===== MATERIAL FOR THIS EXERCISE =====

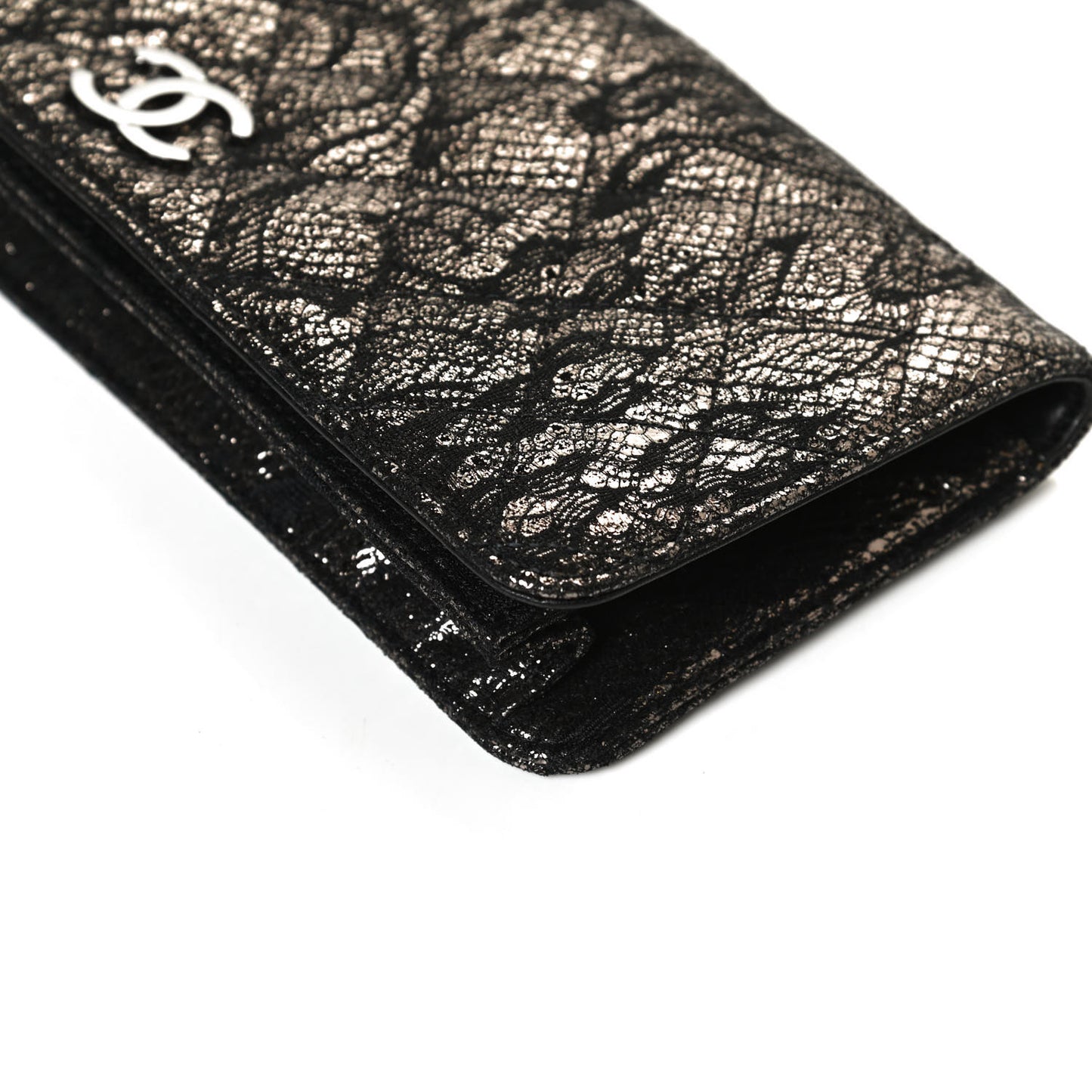 Metallic Tweed Quilted Clutch Black Dark Silver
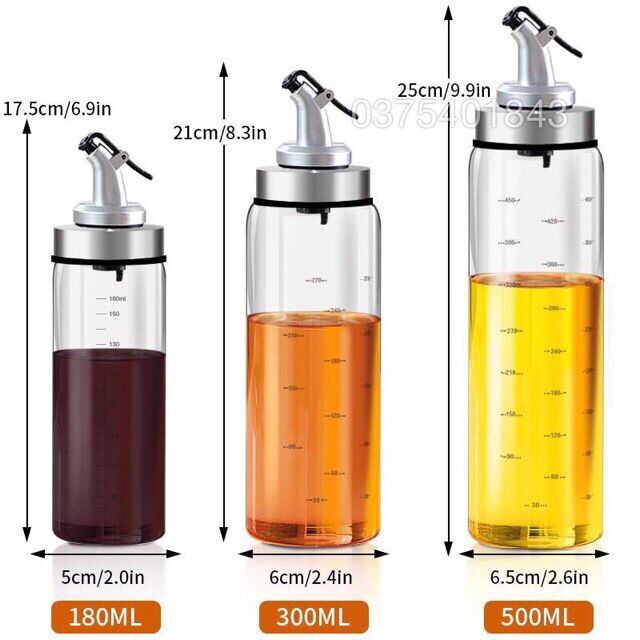 [CHÍNH HÃNG] Chai đựng gia vị bằng thuỷ tinh có vòi rót (180ml/300ml/500ml)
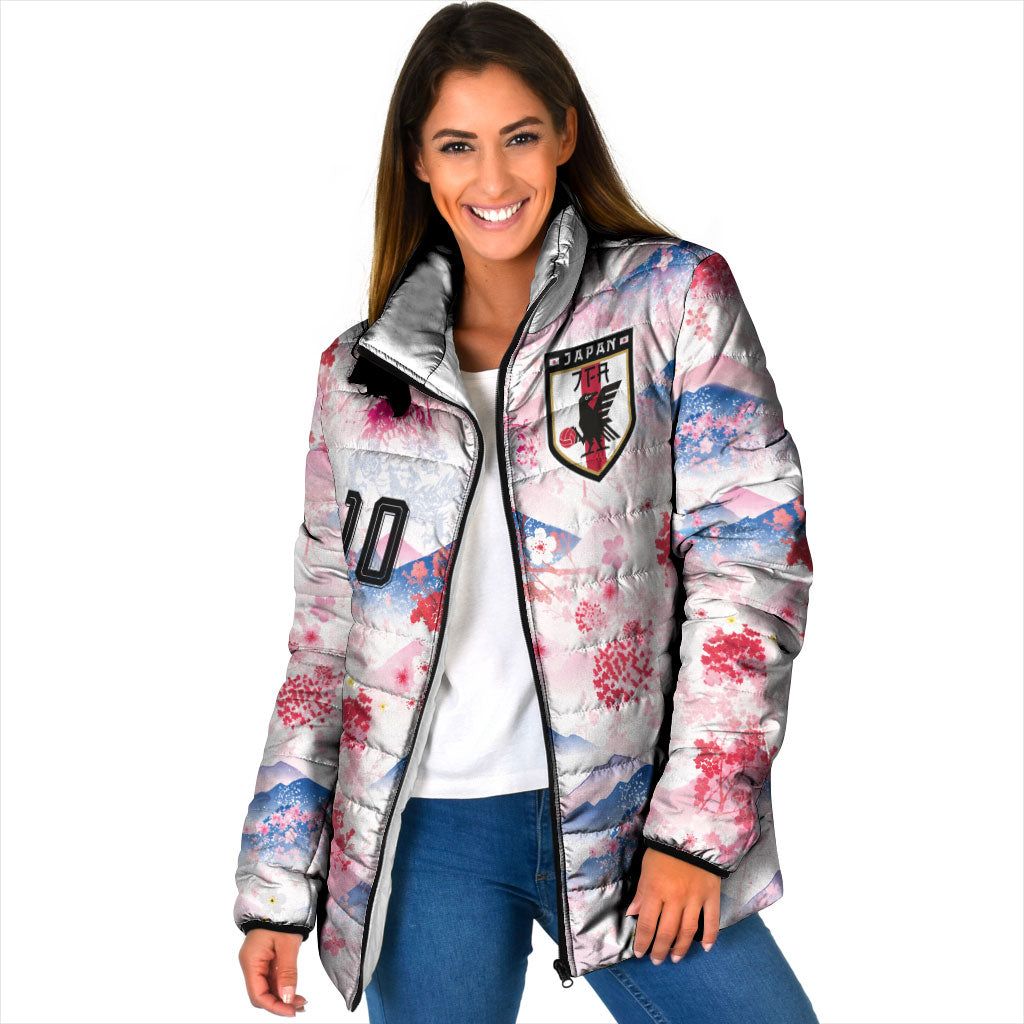 Custom Japan Football Padded Jacket Cherry Blossom Mount Fuji Asian Dragon Graphic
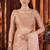 Peach heavy work fandy satin silk blend saree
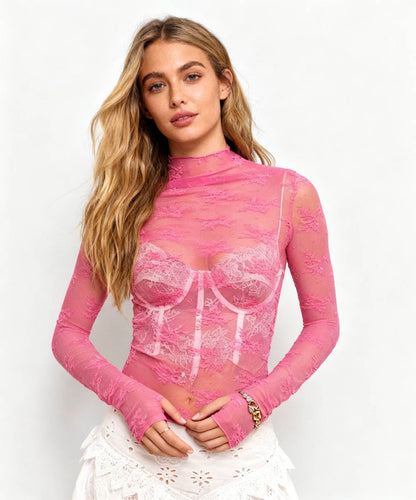 Women's Floral Lace Slim-Fit Top – Sheer Stretch Tee with Baby Overlock Edge Cherie Code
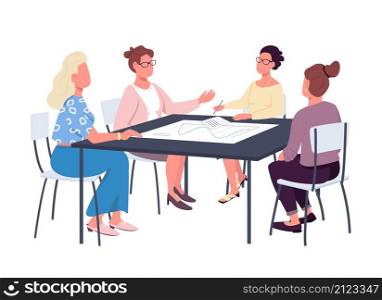 Female team on business meeting semi flat color vector characters. Active figures. Full body people on white. Teamwork isolated modern cartoon style illustration for graphic design and animation. Female team on business meeting semi flat color vector characters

=====

Pick up at the line containing "Women's Floral Lace" and copy each line exactly until the data ends, including that last line; copy no pictures.

WRITTEN RESPONSE –
 Women's Floral Lace Slim-Fit Top – Sheer Stretch Tee with Baby Overlock Edge Cherie Code
 Female team on business meeting semi flat color vector characters. Active figures. Full body people on white. Teamwork isolated modern cartoon style illustration for graphic design and animation. Female team on business meeting semi flat color vector characters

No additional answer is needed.